En ello, juega un papel clave la función de la filtración policial a los medios que, en este caso, ha sido terrible. Sin querer alimentar ninguna teoría de la conspiración, sí que quedan algunas preguntas por responder y algunas responsabilidades por asumir ¿quién se apresuró a filtrar la información de un caso en el que las piezas no encajaban? ¿Con qué intención? ¿A favor del movimiento o para perjudicarlo? ¿Quizás queriendo dominar el ciclo de noticias y tensar el enfrentamiento contra Vox? ¿Cómo de arriba vino la decisión? ¿Por qué se hizo, según apuntan todos los indicios, contra la voluntad de la víctima?
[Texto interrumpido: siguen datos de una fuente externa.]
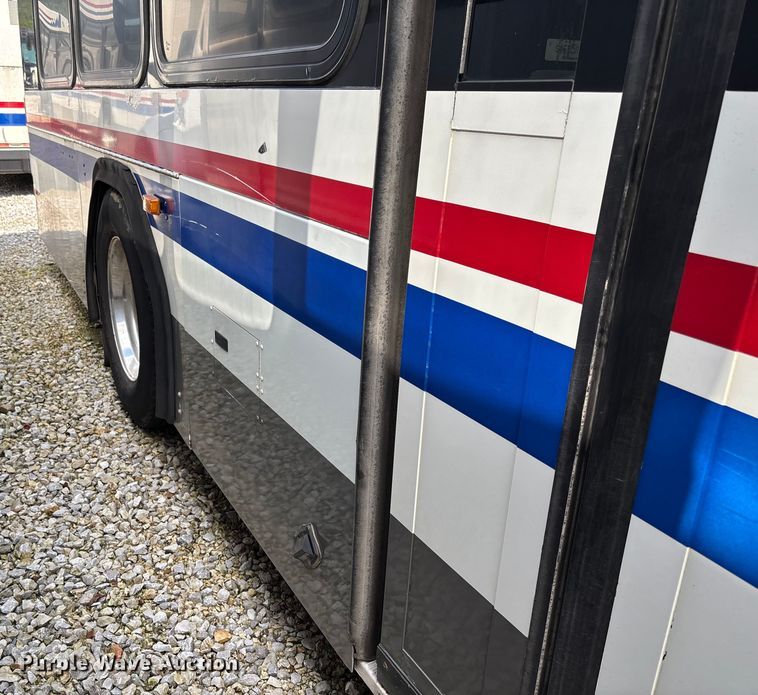 image for item EV3006 2010 Gillig G27D102N4 transit bus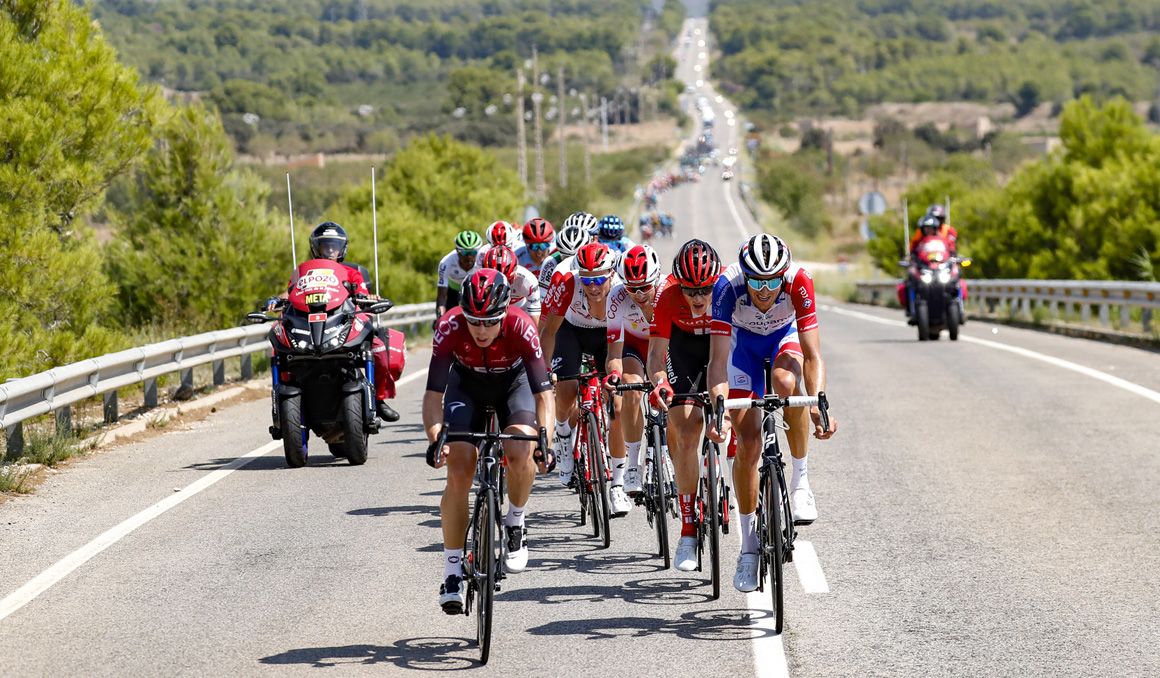 Las Yamaha Niken, siempre al lado del pelotón ciclista de La Vuelta 2019. Foto: Photo Gomez Sport.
Una de las “virtudes” de estos sucesos es que el ciclo mediático es habitualmente demasiado rápido para realmente conocer en detalle qué ha pasado y, las víctimas, demasiadas: ¿quién puede seguir cada caso? Nos quedamos habitualmente con los más graves, con los que indignan por alguna razón (especialmente si el protagonista es joven y bien aparente). Aunque la verdad es que España está entre los países con menos agresiones de Europa, cada agresión es evidentemente una derrota.

Pero es que, sospecho, a nadie en el espacio público le interesa mucho acercarse a la verdad: unos, porque están rellenando minutos y vendiendo audiencias con fast news. Otros, porque pueden encontrar su anhelada unidad interna posicionándose contra la violencia y han conseguido 20 segundos para colocarle a los medios su problema y, con suerte, movilizar. En mi caso, y creo que no somos pocos, me repele tanto detalle personal circulando públicamente. Sin embargo, la velocidad con que se ha autodesmentido el joven ha hecho flagrante la siempre gran diferencia entre la verdad publicada y la verdad.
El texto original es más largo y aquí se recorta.